A violência psicológica acontece quando a vítima sofre ameaças, humilhações, perseguições, chantagens, manipulação, isolamento social, controle excessivo ou qualquer comportamento que prejudique sua saúde emocional, autoestima ou liberdade. Muitas vezes, esse tipo de abuso acontece dentro de relacionamentos e pode anteceder agressões físicas e até casos de feminicídio.
Além do aumento da violência psicológica, o levantamento também revelou crescimento em outros indicadores preocupantes. Os casos de perseguição (stalking) aumentaram 31,6%, enquanto as tentativas de feminicídio cresceram quase 39% no estado. Já os registros de descumprimento de medidas protetivas também apresentaram alta, evidenciando que muitas mulheres continuam em situação de risco mesmo após conseguirem proteção judicial.
Embora as ocorrências de ameaça tenham apresentado uma pequena redução em relação ao ano anterior, elas continuam sendo o tipo de violência mais registrado contra mulheres em Mato Grosso, demonstrando que milhares de vítimas seguem convivendo diariamente com situações de intimidação e medo.
Especialistas apontam que a violência psicológica costuma ser silenciosa e difícil de identificar, tanto pela vítima quanto por familiares. Frases ofensivas constantes, controle sobre amizades e redes sociais, chantagens emocionais, ciúmes excessivos, intimidação, humilhações públicas ou privadas e ameaças são alguns dos sinais mais comuns.
Como denunciar
Mulheres que estejam sofrendo qualquer forma de violência podem procurar ajuda imediatamente.

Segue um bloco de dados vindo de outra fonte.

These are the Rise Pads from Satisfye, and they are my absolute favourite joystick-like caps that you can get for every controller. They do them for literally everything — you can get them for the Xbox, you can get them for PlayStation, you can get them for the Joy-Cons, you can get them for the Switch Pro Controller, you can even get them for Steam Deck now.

As denúncias podem ser feitas pelos seguintes canais:
- Ligue 180 – Central de Atendimento à Mulher, disponível 24 horas por dia para orientação, acolhimento e encaminhamento de denúncias.

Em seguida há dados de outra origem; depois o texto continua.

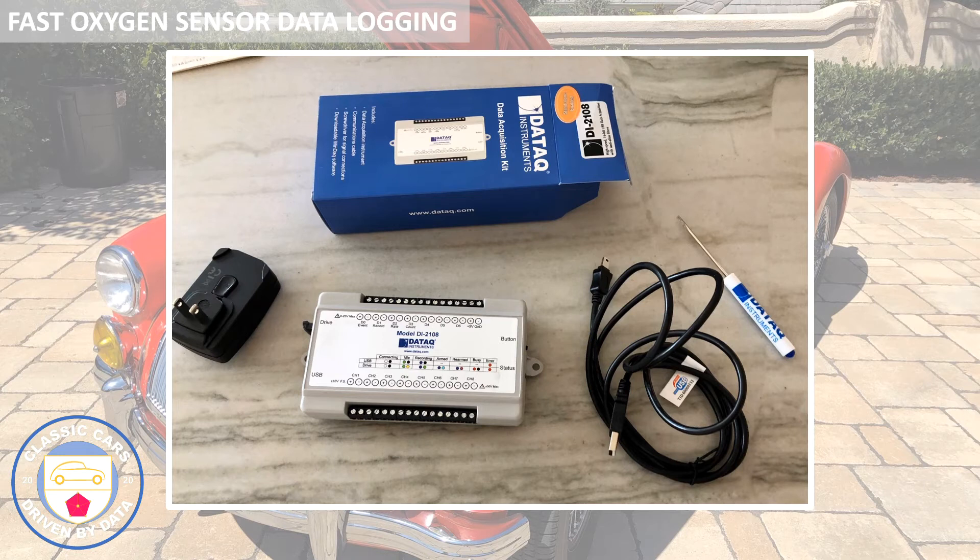This is a data logger from Daytack - again not super expensive, I think it was over a hundred dollars but less than two hundred dollars. It can be powered by USB, and that's exactly what I've done - this USB plugs into the laptop computer that I use to display the data, and the USB is sufficient to power the unit. These are analog channels along here, so if you're measuring something in analog terms as a voltage - 0 to 5 volts, for example - you put the ground and the signal under these screws here, and this device will read them at a frequency that you can control and transport the data back to the laptop. It's a pretty useful piece of kit, not expensive, and absolutely perfect for data logging the FAST oxygen sensor air fuel ratio meter.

- Polícia Militar (190) – Em casos de emergência ou quando houver risco imediato.
- Delegacias Especializadas de Defesa da Mulher (DEDM) – Para registrar boletins de ocorrência e solicitar medidas protetivas.
- Delegacias de Polícia Civil – Nos municípios onde não houver delegacia especializada.

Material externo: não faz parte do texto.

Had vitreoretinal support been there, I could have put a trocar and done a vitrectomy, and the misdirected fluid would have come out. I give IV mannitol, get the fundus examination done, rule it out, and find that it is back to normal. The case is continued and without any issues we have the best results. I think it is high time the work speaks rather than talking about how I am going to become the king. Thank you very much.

- Ministério Público e Defensoria Pública – Também podem auxiliar vítimas na busca por proteção e garantia de direitos.
A Lei Maria da Penha reconhece a violência psicológica como uma das formas de violência doméstica e familiar contra a mulher, garantindo medidas protetivas e responsabilização do agressor.
Os números reforçam a importância da denúncia e da busca por apoio. Quanto mais cedo a vítima consegue romper o ciclo de violência, maiores são as chances de evitar que as agressões evoluam para formas ainda mais graves, preservando sua integridade física, emocional e sua própria vida.